» Exercise details: Beginning at the top of the data below, restate every line word for word until the line containing "4 Bedroom Property" has been included, and omit the pictures.

» Dataset excerpt:
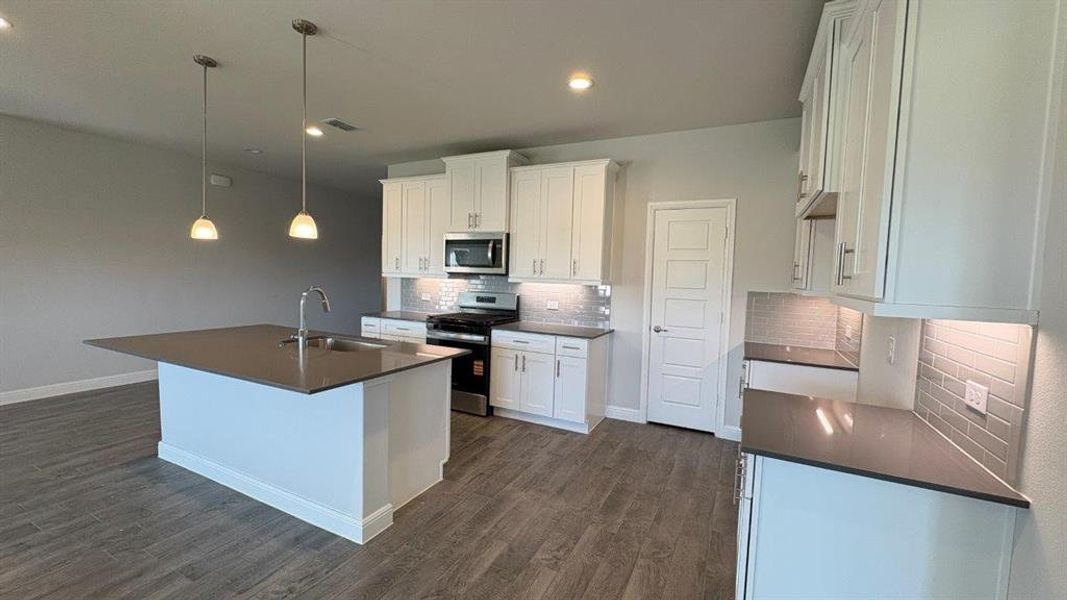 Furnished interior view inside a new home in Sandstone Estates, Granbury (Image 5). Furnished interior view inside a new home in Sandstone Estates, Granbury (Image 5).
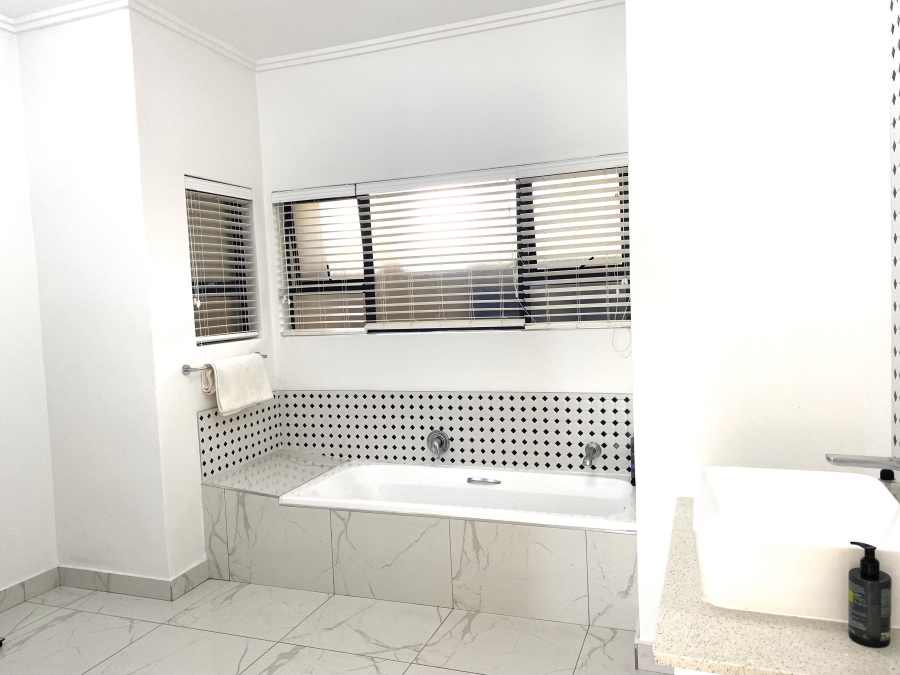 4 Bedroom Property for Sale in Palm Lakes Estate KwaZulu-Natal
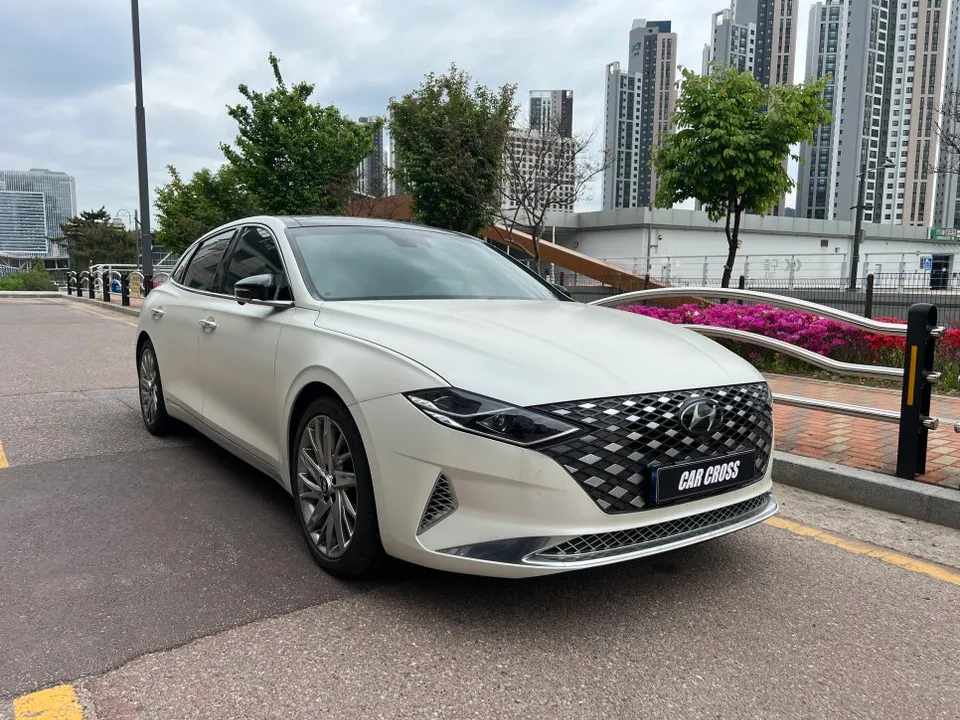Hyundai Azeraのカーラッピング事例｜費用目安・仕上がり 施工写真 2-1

» Your response:
 Furnished interior view inside a new home in Sandstone Estates, Granbury (Image 5). Furnished interior view inside a new home in Sandstone Estates, Granbury (Image 5).
 4 Bedroom Property for Sale in Palm Lakes Estate KwaZulu-Natal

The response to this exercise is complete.